7. Which among the BabyPips forum topics (that are not your own) do you find the most interesting? Why?

The Journals section contributions by others. I have not yet read them all, but the content is thought-provoking, and I love some of the ideas. Following the tried and trusted process is bound to result in success for anyone who can develop the psychological framework in which to conduct oneself. And believe me, that is so easy on paper, and so frustratingly difficult in practice. That is what my current horse racing pursuit is all about. Do I trust the math? Do I understand the reasons for variance? Could I have chosen a more simple strategy and plan to make a point? For sure. But sometimes choosing difficult is more rewarding and more educational than choosing the easy route.

8. What made you decide to invest in cryptocurrency?

One of the luxuries of being a contract consultant is to sometimes – when out of contract - be able to spend an inordinate amount of time pursuing off-the-wall topics for hours and days on end.

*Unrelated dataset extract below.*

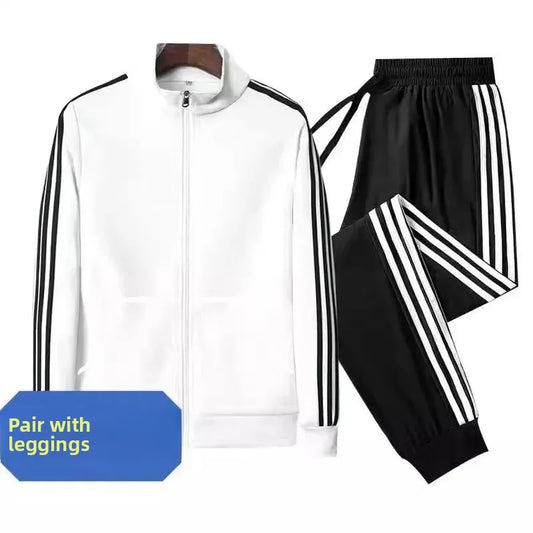 Conjunto de ropa deportiva informal para hombre, primavera y otoño, cárdigan abierto de tres rayas finas, sudadera con capucha y pantalones, conjunto ligero para hombre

During May of 2020 we had some of our son’s old school friends around for a party (it used to be beer pong, but they have matured somewhat and now it’s just smoking and drinking). Three of them started to talk about their crypto investment whilst at Uni and how they had achieved “ten baggers” during the 2017 /2018 hiatus.

I asked if they did fundamental, technical or social engineering (psychological) analysis of their prospective crypto-currencies before they made their decisions, and were the decisions based on long term (investment) or short term (trading) gains. The answers scared me to death – they just put their money in Bitcoin or Ethereum for the chance of making “bucket loads of cash”. One of them had made over £4,000 from a £500 investment and thought that was a clever move. They were all going to buy Tesla before the stock split recently with the same rationale – everyone is doing it so they are bound to go up – just like Crypto.

It took me literally less than two hours of browsing before I found a documentary by Roger Ver about how Cryptocurrencies could eliminate the hold that our national governments have over the freedom of its citizens by controlling their Fiat currency supply via sovereignty, and paying for their irrational exuberance in spending “somebody else’s money” to guarantee the eventual payback via their captive audiences of citizens as taxpayers.

That hooked me into about 400 hours and counting of time allocated to fast track Crypto learning, and in adding Cryptocurrency investment AND trading to our future pursuits. Participation has gone from 0% in May to 1.1% of assets in September 2020, with a target of 5% of asset participation by mid 2021. Funding from over-allocation in gold. Whilst the investment side of that decision is well developed, the trading element requires the same knowledge and application of that knowledge as does Forex trading. The two are interdependent, so time spent on one pursuit has benefits to the outcomes of both.

9. If you could thank one person who contributed positively to your trading journey, who would you thank?

My wife and life partner of 30 years. She is a rock. She has put up with my eccentricities ever since we met, gives me encouragement and strength to do the difficult things in life because they are the right things to do. For that, she deserves a medal.

10. If you had to recommend just one book and one movie to a trader (either newbie or experienced), what would they be and why?

Book. Happiness by Richard Layard. Why? Reading this book reinforced that my thoughts and actions in this world are in good proportion to satisfy my own definitions of how one can most usefully live a fulfilling life, therefore being happy. I often feel guilty that I do not spend more time on charitable works, but my wife more than makes up for my shortcomings in this department.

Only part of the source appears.